La traducción, ese diálogo entre sordomudos

Yamila Transtenvot

Ariana Harwicz y Mikaël Gómez Guthart. Desertar. Buenos Aires: Editorial MarDulce. 2020

A fines del 2020, con la pandemia aún haciendo estragos y el verano asomando en las vitrinas del hemisferio sur, la editorial MarDulce publicó Desertar bajo su colección de ensayos. Se trata de un libro de lectura ágil, de unas setenta páginas, donde convergen las miradas críticas sobre la literatura y la traducción, de una escritora argentina y un escritor/traductor francés.

Ariana Harwicz y Mikaël Gómez Guthart se conocieron por primera vez en la presentación conjunta de sus libros en París: Ariana con su Matate, amor en francés y Mikaël con su traducción del epistolario de Witold Gombrowicz. Dos malos entendidos inauguran su amistad. A ella le dicen que él es argentino y a él le aconsejan que intente conocerla antes de la presentación, pintándole la imagen de una auténtica muñeca brava: «te puede armar un quilombo tremendo» le dice un amigo. Mikaël sigue su consejo y luego de una primera conversación en un bar cercano a la Casa de América Latina en París, ya estaban hablando de escribir un libro juntos.

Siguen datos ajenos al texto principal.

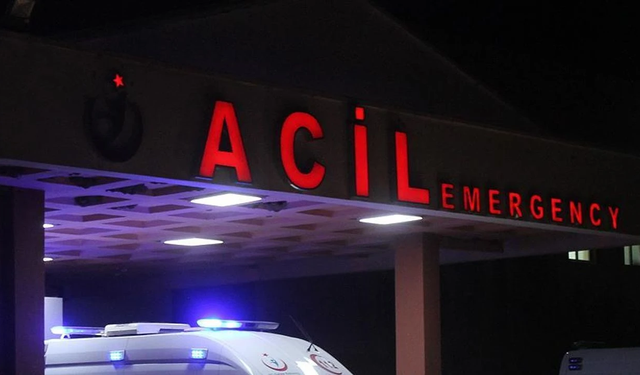 Urla’da bayrak direği devrildi: 9 yaşındaki öğrenci yaralandı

Así comienza Desertar, develando su génesis y abriendo el camino para el encuentro. Hay cosas que decir sobre la literatura, la traducción, el encuentro de las lenguas y los oficios. Un traductor que escribe y una escritora recientemente traducida a quince idiomas se preguntan qué queda del original cuando ha sido trasplantado a otro idioma, del que quizás el autor o la autora apenas reconoce su nombre escrito en la portada. ¿En qué consiste la tarea del traductor? ¿Qué problemas se producen en el camino? ¿Existe una lengua de autor? ¿Y un oído de traductor?

Estas y otras preguntas formaron parte del ida y vuelta de emails que los autores sostuvieron durante el encierro pandémico. El libro ha logrado mantener esa misma esencia: cada participante se turna la palabra en un nada solemne intercambio de ideas, anécdotas, lecturas, observaciones y confesiones. El dispositivo, a la vez que impide al lector quedarse fuera de lo que va aconteciendo (incluso si no ha leído los libros que se nombran), se consagra en la ilusión de estar escuchando las voces en tiempo presente. Una suerte de compañía que tan necesaria fue durante el imprevisto aislamiento social.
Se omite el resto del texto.